Einen großen Vorteil von DRM-Systemen sieht Rohleder im verbesserten Schutz gegen Piraterie. Durch die pauschalen Urheberabgaben habe sich in der Bevölkerung das Verständnis festgesetzt, dass jeder beliebig viele Kopien eines gekauften Werks erstellen und weitergeben dürfe. Ein derart "kriminelles Verhalten" gelte als "Kavaliersdelikt". Dank technischer Verfahren zum Kopierschutz und zum Rechtemanagement, die das Kopieren und Tauschen von digitalen Inhalten strengen Regeln unterwerfen, werde Endverbrauchern dagegen der Wert des geistigen Eigentums verdeutlicht.

"Mit DRM wird das Bewusstsein gestärkt, dass Piraterieakte unter den Rahmen des Straf- beziehungsweise Zivilrechts fallen", erklärte der BITKOM-Chef. Der Gesetzgeber müsse dazu natürlich den Schutz vor Umgehungen der Kopierblocker gewährleisten. Urhebern soll den Vorschlägen des BITKOM entsprechend nur noch dann ein Anspruch auf Vergütungen zustehen, wenn sie ihre Produkte unter die digitale Plombe bringen und "zumutbare technische Schutzmaßnahmen" anwenden. Wer sein Werk gegenüber jedermann unentgeltlich anbiete, habe keinen Anspruch auf eine angemessene Entschädigung.

Mit seinen Forderungen scheint der BITKOM der Technik noch voraus zu sein: Zahlreiche Anbieter von DRM-Systemen und vor allem die Plattenlabels kämpfen mit unausgereiften Lösungen. So scheiterte die Musikindustrie mit ihrer Secure Digital Music Initiative (SDMI), mit der sich die Branche mit den Geräteherstellern auf Schutzverfahren einigen wollte. "Standards gibt es im gesamten DRM-Bereich noch keine", gibt Thomas Kleesch, Engagementmanager bei IBM Deutschland, zu. Eines der bekanntesten Rechtemanagementsysteme, das DRM-2 von Microsoft, wurde zudem im Oktober Opfer eines Crackers. Datenschützer halten die DRM-Technik auch wegen der aufgezeichneten Nutzerprofile für bedenklich.
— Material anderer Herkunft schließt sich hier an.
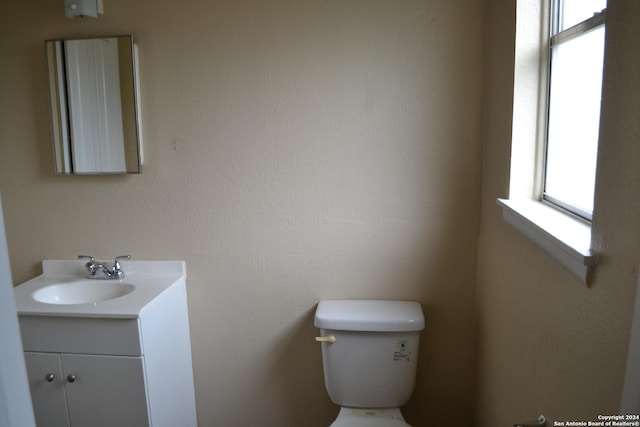 bathroom featuring vanity and toilet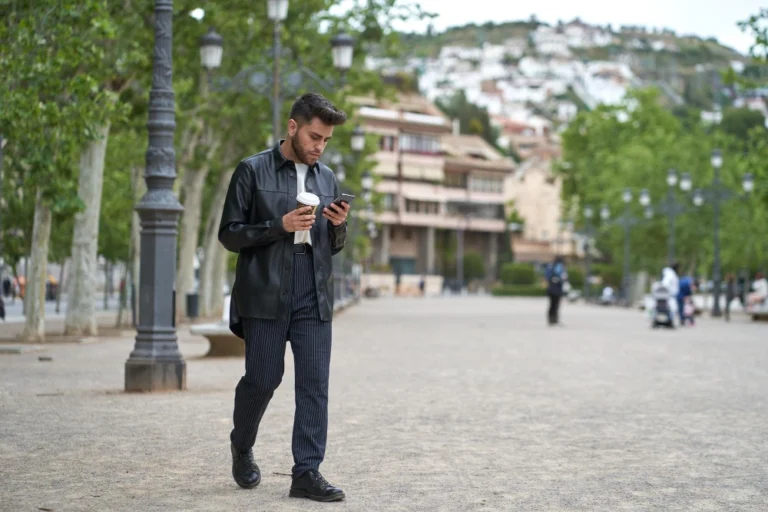 Young man using mobile phone in city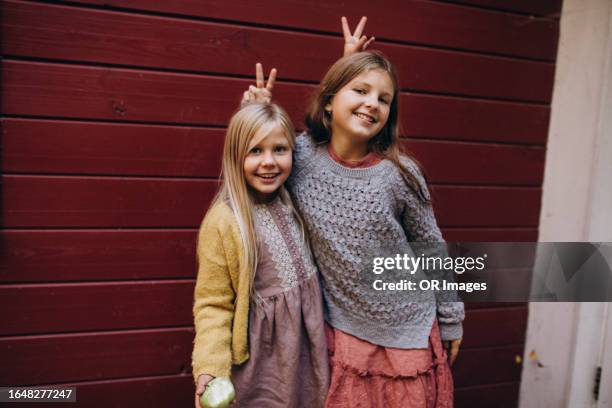 portrait of two happy playful girls at a wooden wall - sister stock pictures, royalty-free photos & images
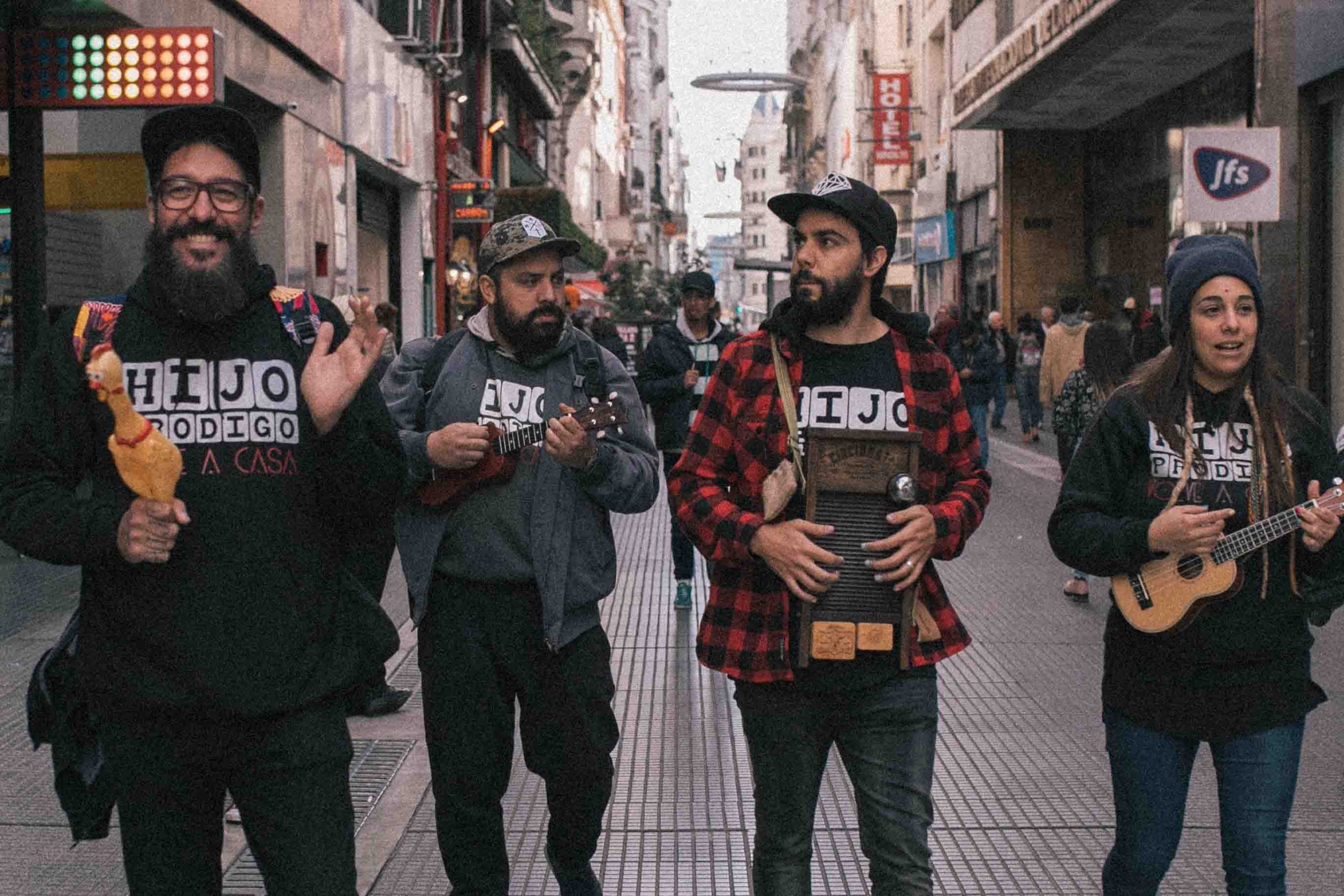 Hernan playing in street band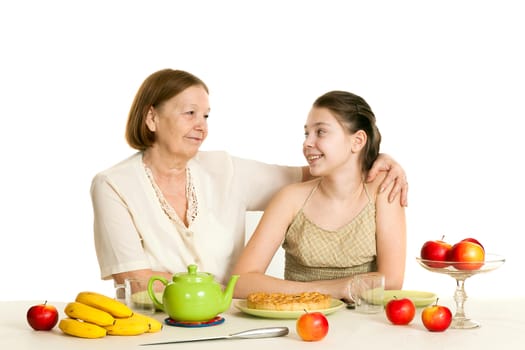 the grandmother and the granddaughter sit at a table with the made pie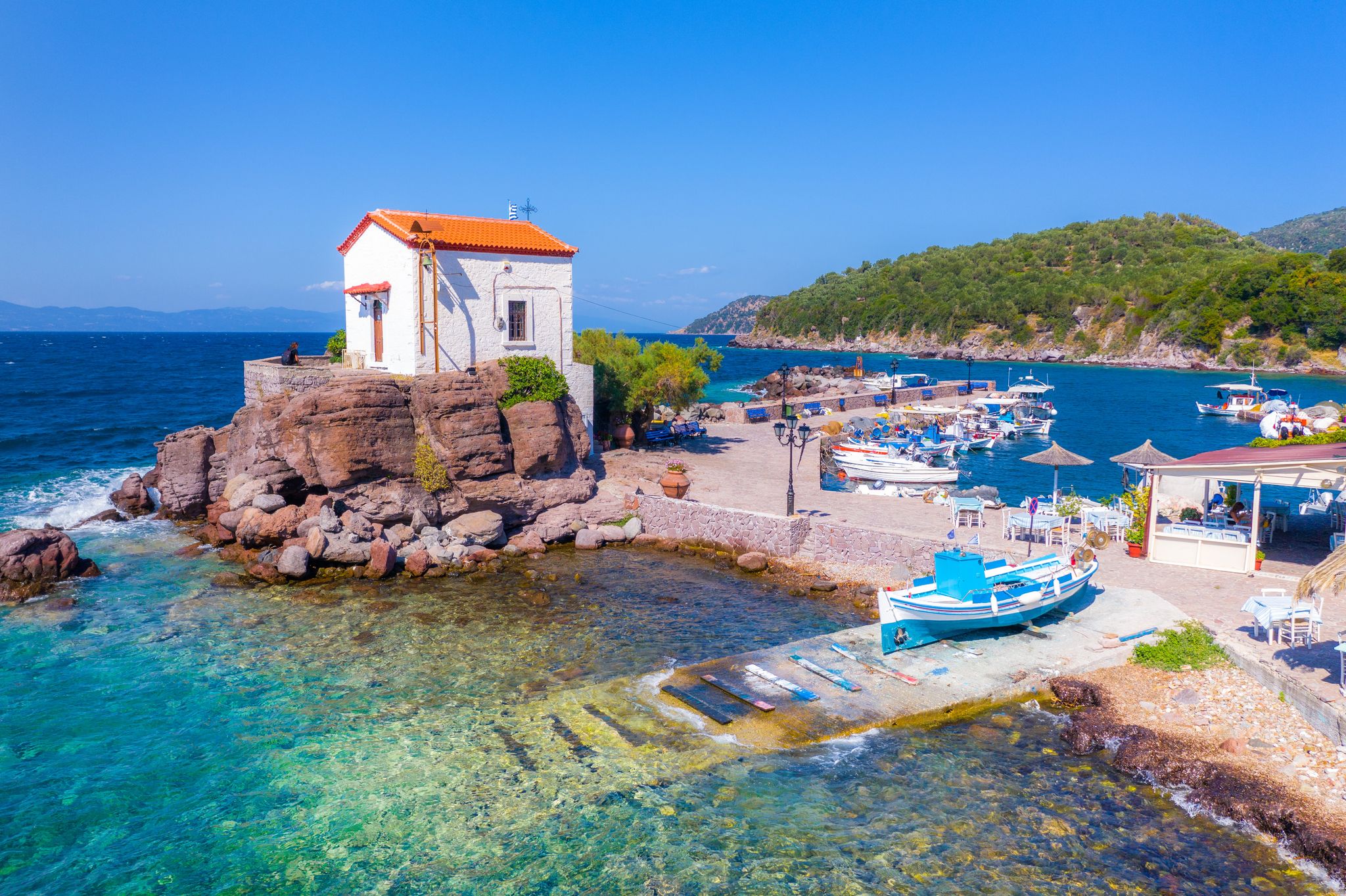 Photo of the little church of Panagia gorgona situated on a rock in Skala Sykamias, Mytilene.
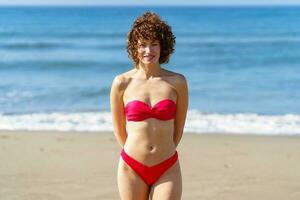 leende kvinna i röd bikini på strand foto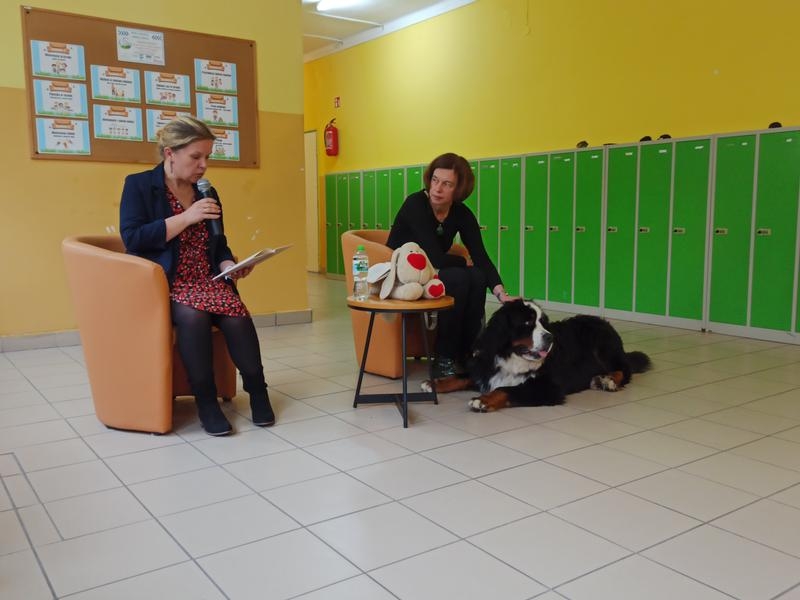 dwie siedzące kobiety. Jedna trzyma książkę, druga głaszczedużego czarnego  psa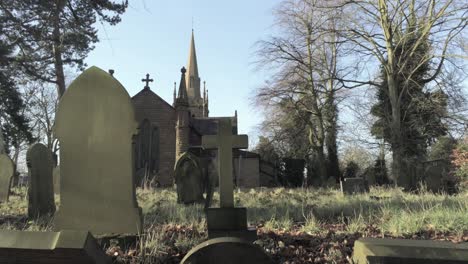 rural english woodland village church hidden by trees in countryside sunrise sunlight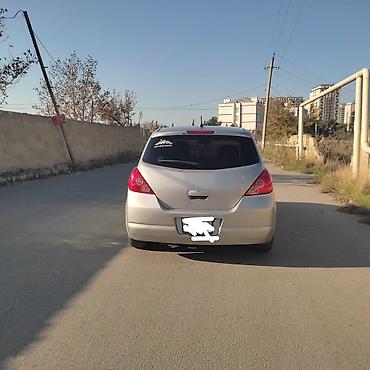 Nissan: Nissan Tiida: 1.5 l | 2004 il Hetçbek — 2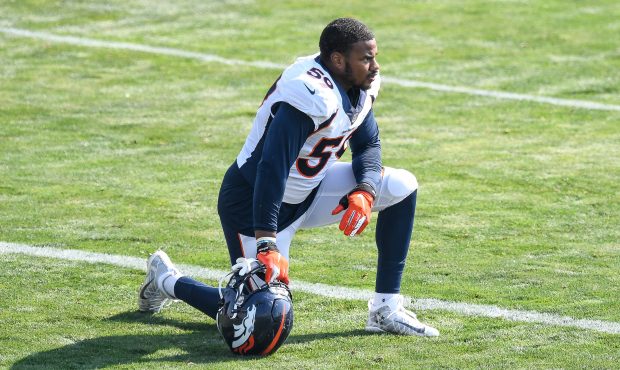 Linebacker Malik Reed #59 of the Denver Broncos kneels on the field during a training session at UC...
Rohleder ist dagegen der Ansicht, "dass die Produkte schon heute funktionieren." Sein Kronzeuge ist das Electronic Media Management System (EMMS) von IBM. "Das Verfahren ist seit zwei Jahren in Japan im Einsatz und bisher nicht gehackt worden", bestätigt der DRM-Experte Kleesch. Da jedes Lied mit einem gesonderten Schlüssel gesichert werde, lohne sich das Knacken nicht. Prinzipiell sei zwar jedes Kopierschutzsystem angreifbar, es komme aber auf das richtige Aufwand-Nutzen-Verhältnis an.

Erste Kunden kann Big Blue vorweisen: Sony setzt das seit 1997 entwickelte EMMS für einen Online-Music-Shop ein, NTT Docomo hat eine Download-Lösung für die mobile i-mode-Welt realisiert. Der Markt steckt allerdings noch in den Kinderschuhen. Die Zahl der über das Sony-Angebot verkauften Stücke schätzt Kleesch auf rund 24.000 Titel im Monat. Zum Vergleich: Napster kam in seinen letzten Tagen vor der vorübergehenden Schließung der Tauschbörse auf ein monatliches Download-Volumen von rund 2,79 Milliarden Musikdateien.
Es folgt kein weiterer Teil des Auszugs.